_Work item_:
All records must be quoted exactly. Omit the pictures.

[Image-text web data]
====
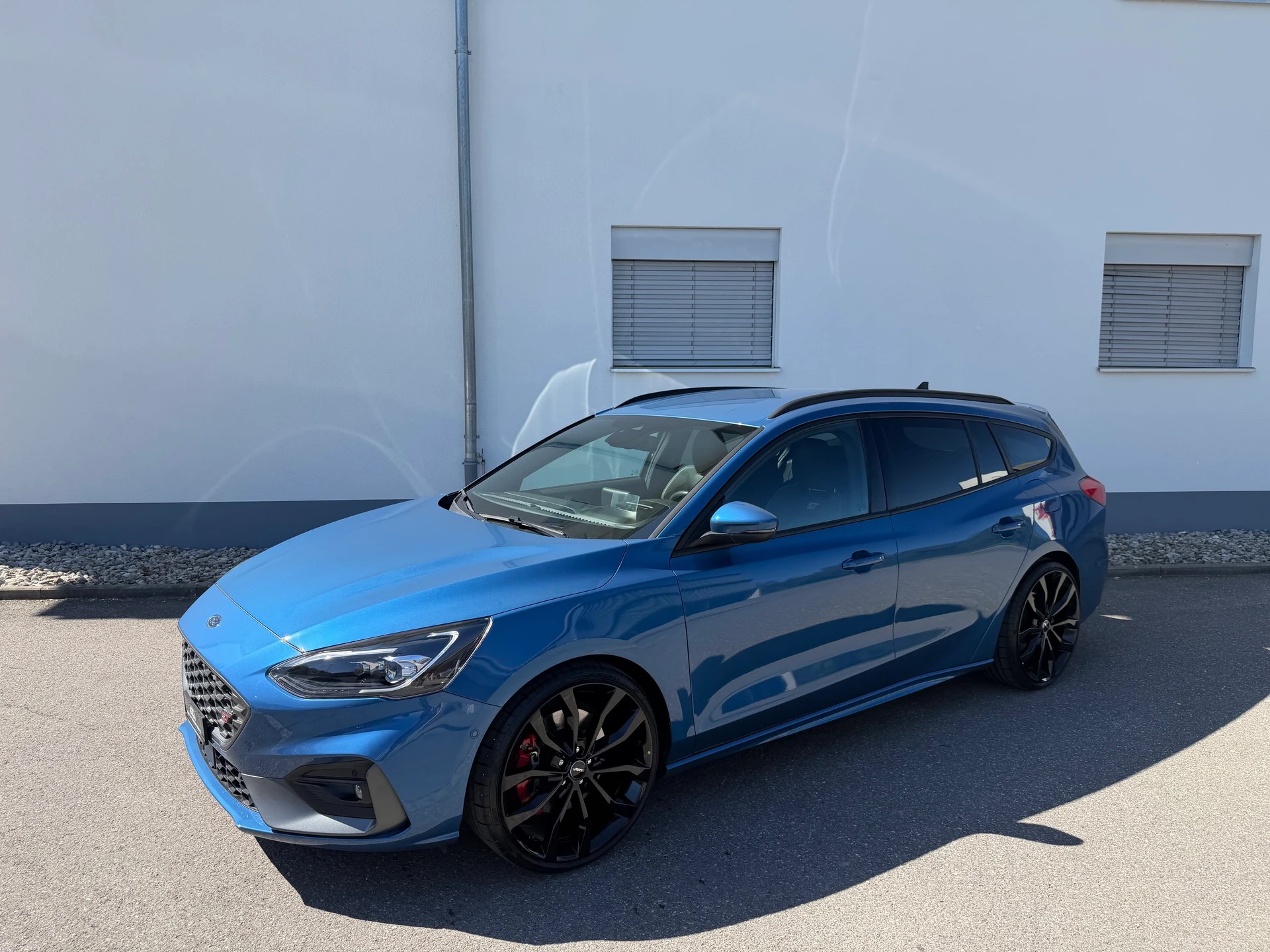 FORD Focus ST 2.3 Styling Paket Automat-image-10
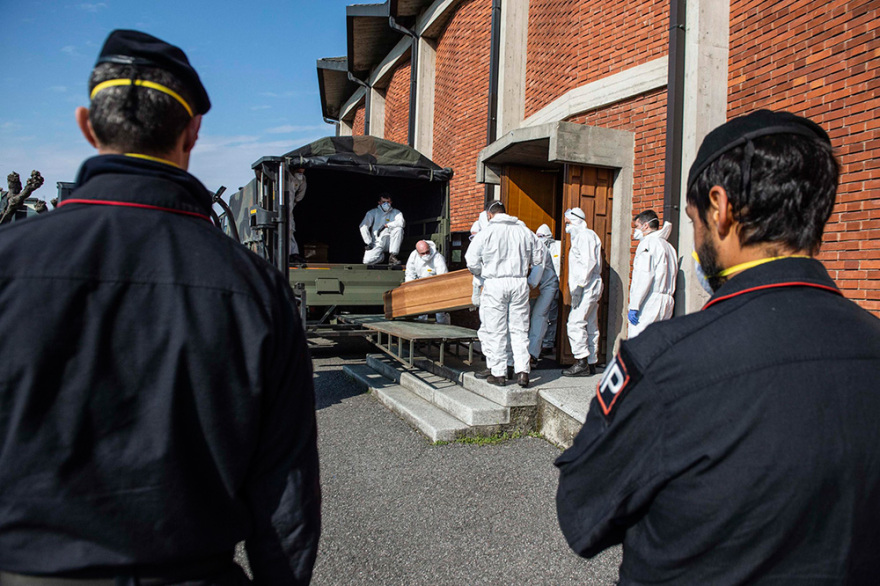 Κορωνοϊός - Ιταλία: Εκκλησία γεμάτη φέρετρα στο Μπέργκαμο - Συγκλονιστικές εικόνες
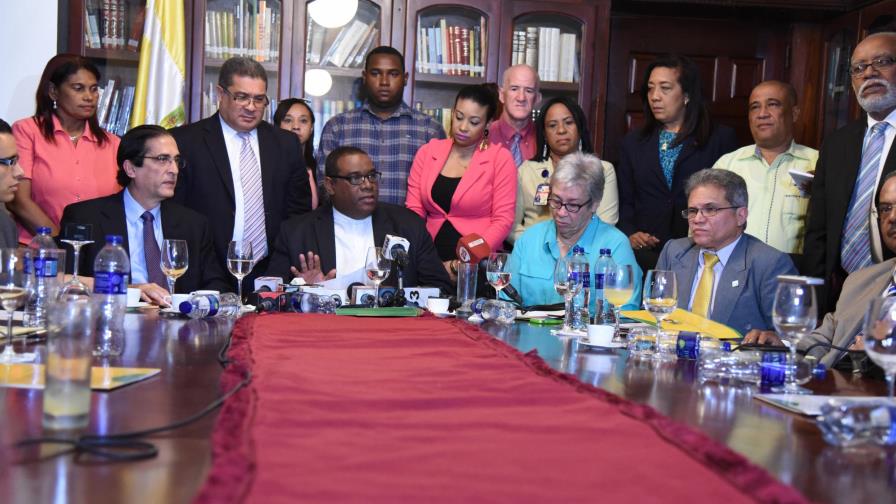 Reina la expectativa por el reinicio este lunes del diálogo entre médicos y autoridades Reina la expectativa por el reinicio este lunes del diálogo entre médicos y autoridades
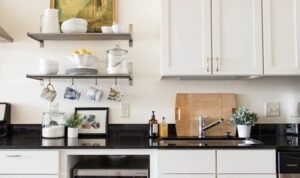 SIASATI RUMAH MINIMALIS DENGAN DAPUR MENYAMPING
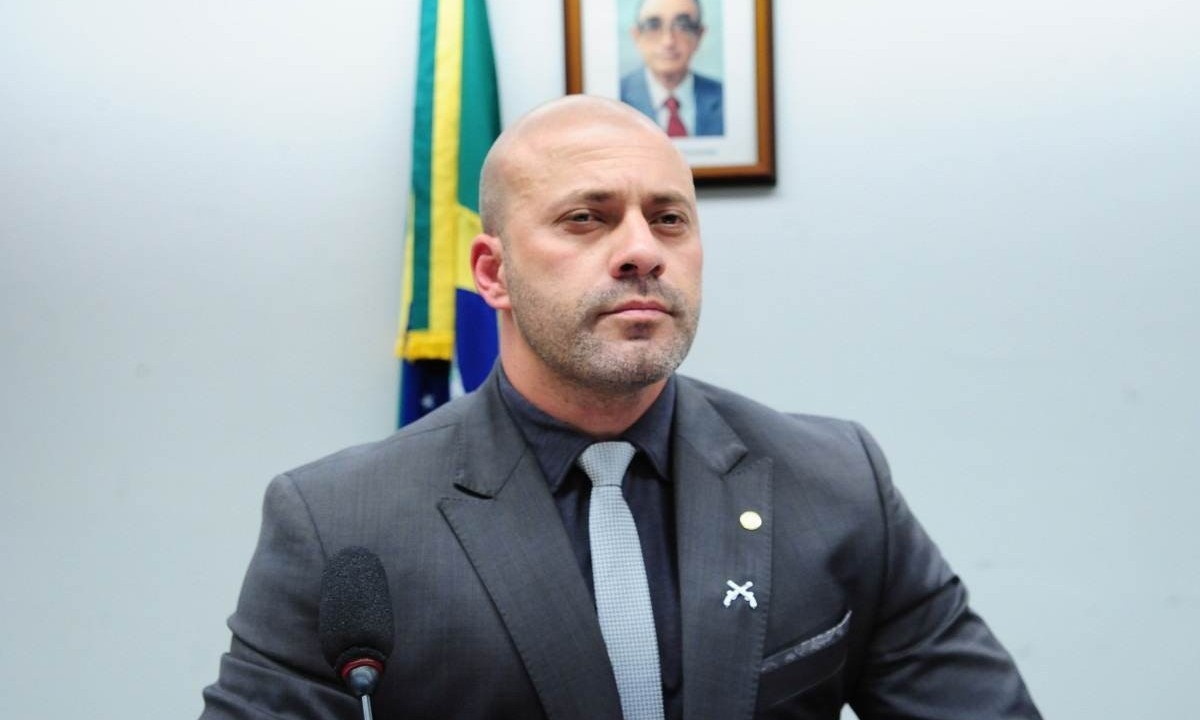 Silveira tem um histórico de descumprimento de decisões judiciais -  (crédito: Nilson Bastan/Agência Câmara)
====
_Task output_:
 FORD Focus ST 2.3 Styling Paket Automat-image-10
 Κορωνοϊός - Ιταλία: Εκκλησία γεμάτη φέρετρα στο Μπέργκαμο - Συγκλονιστικές εικόνες
 Reina la expectativa por el reinicio este lunes del diálogo entre médicos y autoridades Reina la expectativa por el reinicio este lunes del diálogo entre médicos y autoridades
 SIASATI RUMAH MINIMALIS DENGAN DAPUR MENYAMPING
 Silveira tem um histórico de descumprimento de decisões judiciais -  (crédito: Nilson Bastan/Agência Câmara)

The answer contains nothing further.